Divide amd multiply each term by 2

Answer 3

*and

Answer 4

I am sure that was what Ganeshi was going to say , most probably :)

Answer 5

yes :)

\[\large \sqrt{3}\sin(x)+\cos(x) = \langle \cos x , \sin x \rangle \bullet \langle 1, \sqrt{3} \rangle \]

Answer 6

See ! ^^^ :D

Answer 7

You will get this on dividing and multiplying by 2:

\[\large{2(\cfrac{\sqrt{3}}{2} \sin x + \cfrac{1}{2} \cos x)}\]

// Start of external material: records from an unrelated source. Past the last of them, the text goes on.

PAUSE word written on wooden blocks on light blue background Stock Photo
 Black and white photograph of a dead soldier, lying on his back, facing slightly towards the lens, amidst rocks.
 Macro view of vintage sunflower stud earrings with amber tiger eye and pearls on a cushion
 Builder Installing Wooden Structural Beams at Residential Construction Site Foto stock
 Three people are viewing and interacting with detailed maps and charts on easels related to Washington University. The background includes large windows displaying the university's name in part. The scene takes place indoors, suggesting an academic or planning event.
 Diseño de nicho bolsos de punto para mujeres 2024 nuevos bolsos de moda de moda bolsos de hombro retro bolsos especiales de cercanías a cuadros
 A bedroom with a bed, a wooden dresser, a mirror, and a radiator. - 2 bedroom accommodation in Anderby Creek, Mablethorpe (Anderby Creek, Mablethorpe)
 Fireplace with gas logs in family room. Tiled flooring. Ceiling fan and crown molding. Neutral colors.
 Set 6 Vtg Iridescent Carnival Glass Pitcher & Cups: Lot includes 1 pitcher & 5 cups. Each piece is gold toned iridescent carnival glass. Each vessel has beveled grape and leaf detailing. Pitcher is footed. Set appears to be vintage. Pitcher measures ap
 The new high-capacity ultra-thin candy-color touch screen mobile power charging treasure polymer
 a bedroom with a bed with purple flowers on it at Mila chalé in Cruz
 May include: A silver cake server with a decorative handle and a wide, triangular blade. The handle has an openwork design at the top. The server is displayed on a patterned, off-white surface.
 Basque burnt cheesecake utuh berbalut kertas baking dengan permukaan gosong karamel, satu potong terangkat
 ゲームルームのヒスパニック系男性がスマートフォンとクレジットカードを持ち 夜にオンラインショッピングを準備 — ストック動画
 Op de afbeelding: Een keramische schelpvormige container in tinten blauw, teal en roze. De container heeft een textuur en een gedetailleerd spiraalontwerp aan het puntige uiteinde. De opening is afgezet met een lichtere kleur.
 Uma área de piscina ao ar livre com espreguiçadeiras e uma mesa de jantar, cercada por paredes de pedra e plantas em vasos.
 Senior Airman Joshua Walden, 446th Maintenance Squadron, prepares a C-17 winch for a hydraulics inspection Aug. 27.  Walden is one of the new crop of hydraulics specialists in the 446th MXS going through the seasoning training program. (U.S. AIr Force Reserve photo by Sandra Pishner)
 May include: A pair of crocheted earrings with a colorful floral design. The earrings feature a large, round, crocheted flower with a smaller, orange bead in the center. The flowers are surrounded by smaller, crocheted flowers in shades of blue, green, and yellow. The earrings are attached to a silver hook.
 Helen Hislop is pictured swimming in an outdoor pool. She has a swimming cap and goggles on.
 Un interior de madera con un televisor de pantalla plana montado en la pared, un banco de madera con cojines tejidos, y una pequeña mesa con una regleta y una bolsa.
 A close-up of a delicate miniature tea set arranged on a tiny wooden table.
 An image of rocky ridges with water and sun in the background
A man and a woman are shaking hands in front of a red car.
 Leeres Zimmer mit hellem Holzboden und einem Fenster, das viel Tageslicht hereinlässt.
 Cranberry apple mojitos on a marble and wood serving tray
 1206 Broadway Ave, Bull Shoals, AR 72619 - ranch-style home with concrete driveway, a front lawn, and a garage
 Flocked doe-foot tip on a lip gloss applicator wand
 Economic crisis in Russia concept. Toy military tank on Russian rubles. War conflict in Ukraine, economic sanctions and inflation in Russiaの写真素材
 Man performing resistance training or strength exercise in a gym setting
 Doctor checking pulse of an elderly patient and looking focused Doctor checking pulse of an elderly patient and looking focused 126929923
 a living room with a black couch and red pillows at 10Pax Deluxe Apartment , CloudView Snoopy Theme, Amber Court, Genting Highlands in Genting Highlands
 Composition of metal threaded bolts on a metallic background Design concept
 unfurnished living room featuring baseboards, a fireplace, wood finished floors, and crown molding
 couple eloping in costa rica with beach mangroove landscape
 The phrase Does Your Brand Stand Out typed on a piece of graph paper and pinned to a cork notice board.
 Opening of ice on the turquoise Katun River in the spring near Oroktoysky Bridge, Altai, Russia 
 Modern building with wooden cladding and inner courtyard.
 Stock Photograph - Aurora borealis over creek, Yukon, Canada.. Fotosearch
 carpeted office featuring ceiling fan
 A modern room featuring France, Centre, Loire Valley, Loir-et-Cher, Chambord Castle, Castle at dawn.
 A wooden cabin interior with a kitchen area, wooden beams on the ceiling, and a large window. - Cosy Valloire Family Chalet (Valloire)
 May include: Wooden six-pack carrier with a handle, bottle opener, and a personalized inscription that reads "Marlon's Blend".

Notice the sqrt(3)/2 and 1/2

Answer 8

Seem familiar ? @thomas5267

Answer 9

cos(30 deg) = sqrt(3)/2

sin(30 deg) = 1/2

Answer 10

The expression would thus become:

\[\large{2(\cos \cfrac{\pi}{6} \sin x + \sin \cfrac{\pi}{6} \cos x)}\]

Compare this with :

\(\color{blue}{\text{Originally Posted by}}\) @thomas5267
\[
R\sin(x+\alpha)=R\left(\sin(x)\cos(\alpha)+\sin(\alpha)\cos(x)\right)
\]
What to do next?
\(\color{blue}{\text{End of Quote}}\)